Ocean Zen is in its third location, and it just keeps getting better.

by Vivian Wheeler

Dec 2015

Photos by Chuck Travers

It might be my east coast childhood or the fact that I’ve always wanted to live in Europe, but I like to eat late. My ideal dinner time is 9 p.m. or later. I’ve often struggled to find local restaurants that accommodate my nocturnal eating inclinations. For this reason I’ve always loved Ocean Zen. For years my boyfriend, Chuck Travers, and I have turned to this Tan brothers establishment when we wanted a late meal in a real restaurant. We’d pull open those heavy metal doors, head into the bar and slide into a booth or high-top table. I appreciated that the sight of our expectant faces was never met with an eye roll from a weary server annoyed we’re coming in to eat so late. 


Ocean Zen broils its filet mignon in a 1,600-degree oven to quickly sear the outside and lock in flavor. 

Ocean Zen moved locations and updated its menu in June, so when Chuck and I found ourselves hungry at 8:30 p.m. on a recent weekday night, it was the perfect excuse to finally check out Ocean Zen’s new digs. 

Relocated to what used to be Mr.
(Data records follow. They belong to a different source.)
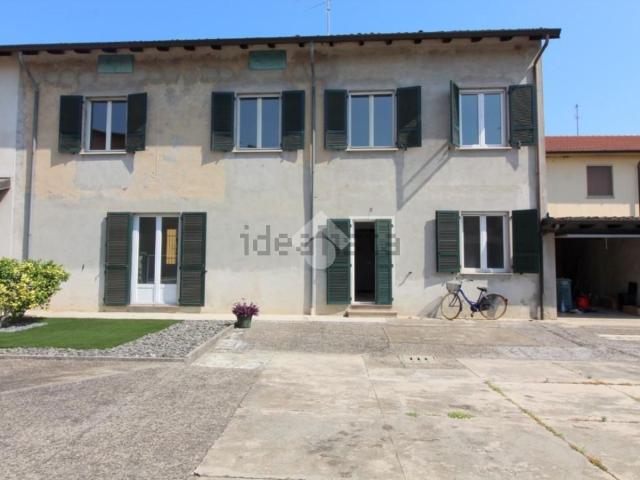 Rustico in vendita a Castiglione D'adda, Lombardia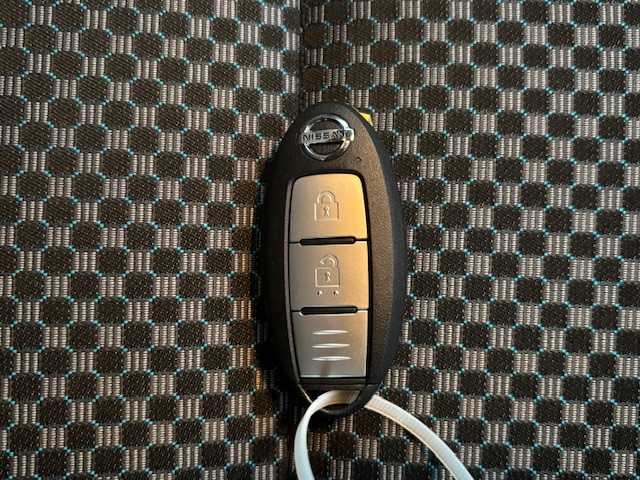 日産 キックス X 宮城県 2021(令3)年 6.7万km ブリリアントホワイトパール 登録時走行距離66451km/純正SDナビ/ワンオーナー/プロパイロット/シートヒーター/アラウンドビューモニター/ドライブレコーダー/ETC/衝突軽減システム/ステアリングヒーター/コーナーセンサー/クリアランスソナー/ヘッドライトイベライザー/ドアバイザー/フォグランプ/純正アルミホイール/社外フロアマット/ウインカーミラー/電動格納ミラー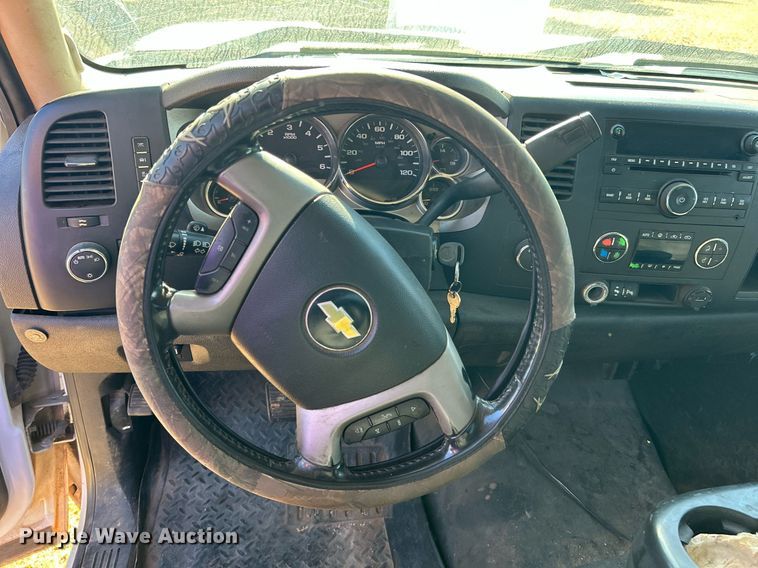 image for item DJ6484 2010 Chevrolet Silverado 2500HD  Ext. Cab utility bed pickup truck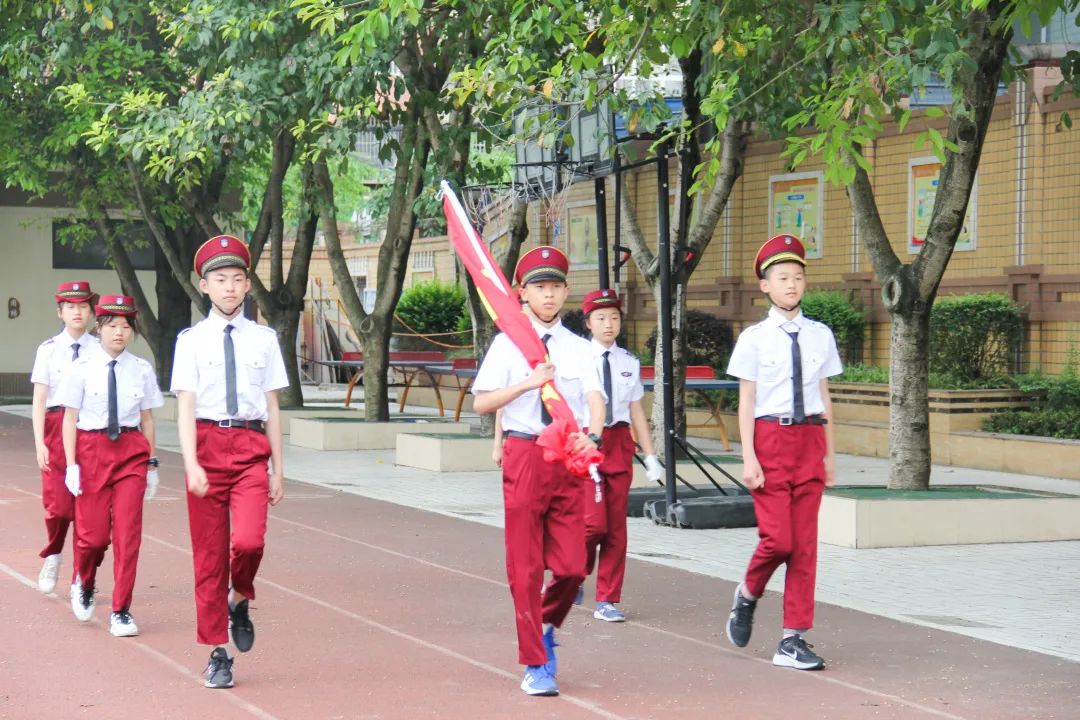 同一个地球 同一片蓝天｜成都市双流区九江小学举行环保主题升旗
Yen’s—a sprawling building done in the style that I can only characterize as what Americans think Asian buildings look like—off of Highway 60 and National Avenue, Ocean Zen’s new spot is a sizeable upgrade. 

This is Ocean Zen’s third location, and walking inside I was struck by the contrast between the new location and the old one. Where the old restaurant was decorated in shades of blue and black and felt cozy and intimate, the new spot is white and bright with high ceilings and lots of space. Johnson and John Tan often travel to Las Vegas and wanted to bring that glamorous feel to Springfield. One look at the interior, and it is easy to see the Tan brothers accomplished their goal. 


The Chipolte Paloma is a refreshing twist on the classic margarita. 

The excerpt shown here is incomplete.